Alright, then I'll go back to the original withSpawn, except with a tuple argument for the callback

michaelt commented 9 years ago

I went through the tutorial examples trying to see if spawn' (@k0001's spawn) worked for all of them, and also trying @k0001 's withSpawn . All but one of the examples work, I think, replacing performGC with atomically seal. The bad case is main3 and main3' at line 337 in this mess https://gist.github.com/michaelt/7f7b07cf7db222a5207d Here, 'the workers are on strike' and each worker proposes to take two tasks before the buffer closes down. But if we mechanically use atomically seal of course the whole thing closes when any of them accepts a second task, rather than waiting for each to take a second task. I guess this makes the attraction of performGC a little clearer to me. (atomically seal is much clearer, indeed it is transparent why the program main3 is acting 'correctly')

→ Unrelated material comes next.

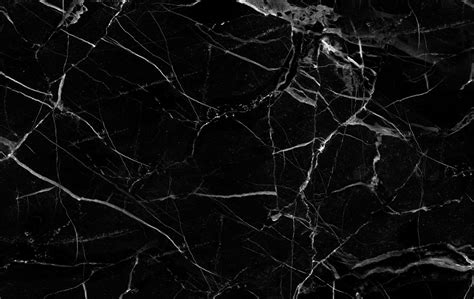 Black Marble Wallpaper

I couldn't figure out how withSpawn is supposed to be used. The dim-witted employment in cases where there are two asynchronous pipelines around inevitably leads to one pipeline continuing after the other has stopped or else to an stm exception.

PierreR commented 9 years ago

If I might suggest otherwise, I think forcing the use of Managed is perhaps not a great idea given that converting the version of withSpawn I propsed to a Managed (Output a, Input a) is so easy using managed.

Personally as an outsider I don't see it ... When and why is it better to use managed withSpawn ?

Gabriella439 commented 9 years ago

Actually, I was considering going with Managed after all. I think it's proven itself stable enough that it's worth adding as a dependency.

The route I'm actually considering is to first fork off the pipes-independent stuff in a separate concur library that uses Managed and then switch pipes-concurrency to reuse that library.

michaelt commented 9 years ago

More use of managed sounds great in principle. Is there an illustration of the correct use of 'withSpawn' around somewhere, though? In the typical tutorial examples, performGC and atomically seal are necessarily used more than once, so that different pipelines can close down the buffer, emulating the pipes convention that any pipe can close down a pipeline. It is hard to see how withSpawn could rationally have more than one pipeline in its scope, but I think I mustn't understand it.

Gabriella439 commented 9 years ago

Basically, it would look like this (defined in terms of the existing API to simplify this discussion):

spawn2 :: Buffer a -> Managed (Output a, Input a, STM a)
spawn2 buffer = managed (\k ->
    bracket (spawn' buffer) (\(_, _, s) -> atomically s) (\(o, i, _) -> k (o, i) )

In other words, it would automatically call seal for you. You could also provide an alternative formulation that lets the user seal the channel themselves.

michaelt commented 9 years ago

Right so

main = runManaged $ do
   (output, input, seal) <- spawn_managed unbounded
   liftIO $ do 
     as <- forM [1..3] $ \i ->
           async $ do runEffect $ fromInput input  >-> worker i
                      atomically seal
     a  <- async $ do runEffect $ each [1..10] >-> toOutput output
                      atomically seal
     mapM_ wait (a:as)
 where
   worker :: (Show a) => Int -> Consumer a IO r
   worker i = forever $ do
        a <- await
        lift $ threadDelay 1000000  -- 1 second
        lift $ putStrLn $ "Worker #" ++ show i ++ ": Processed " ++ show a

spawn_managed :: Buffer a -> Managed (Output a, Input a, STM ())
spawn_managed buffer = managed $ \k -> 
      bracket (spawn buffer)
              (\(_, _, s) -> atomically s)
              (\(o, i, s) -> k (o, i, s) )

evades the trouble withSpawn seems to have in main1' on line 244 of the damaged version of the tutorial I linked. (Of course above managed isn't showing much of its merit.) The trouble with the protesting workers on line 337 would still be present, but maybe it's is just a matter of reconceiving the program, which was made very simple by the performGC business.

Gabriella439 commented 9 years ago

Yeah, old performGC approach was more powerful, so not all the old use cases will be convertible to thew new approach, unfortunately.